French is harder than German

Andrew asked me whether French or German is harder, and I told him French. However, I've seen it said (by some "study") that there are four levels of difficulty in language (for english-speakers), and easiest contained Dutch and French, second easiest contained German, and most difficult included most asian languages etc. Generally this made sense, and I can see why German could be seen as harder than French for the following reasons:
1) German has fewer words in common with English than does French. Therefore, one spends more time learning vocab.
2) German grammar is, let's say "harder" than English and French. There are more words for "the", word order is different to English, however internally it is very consistent and logical, which is different to French and German.

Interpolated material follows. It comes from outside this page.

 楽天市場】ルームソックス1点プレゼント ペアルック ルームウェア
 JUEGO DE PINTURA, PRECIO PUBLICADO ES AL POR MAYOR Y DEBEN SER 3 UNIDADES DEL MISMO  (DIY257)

I would argue against this, however, I would argue that French is one of the most difficult languages to learn, just under English in general, because they are both complicated, full of exceptions to each rule and idosyncratic in the formation of phrases. I would argue that French is harder than German for english speakers for the following reasons:
1) because french has influenced english language so much, there are many "false friends". Words we have taken from french are not used exactly as they were in the native tongue. As an english speaker, learning french is like relearning your vocab in english. Words are not used in the exact same contexts as in english. In German, this seems to be less the case.
2) The way you express things in French is different to English. The bits of speech that you use are different to get a certain meaning. French words have multiple translations that seem unconnected in English. German had some of this, but nowhere near as much. German is very much like old english. The word order is different, but which typoes of words, ie adjective or noun or preposition, are the same as in English. I would say learning old english is helpful for german and learning latin is helpful for french.

Finally, both are easier than Indonesian. This is because, although Indonesian is a really simple language gramatically, it is much more foreign to English then french or german so the rules we know don't apply, and 99% of the vocab is foreign.

Obviously "easy" and "difficult" here have a double meaning of both: complex, as in whether the grammar and connections between words is logical and consistent, or there are numerous exceptions to rules, and also familiar, as in it's easy to learn something that's close to what you already know. I am generalising between the two and switching back and forth now and then when I talk to "easy" or "difficult".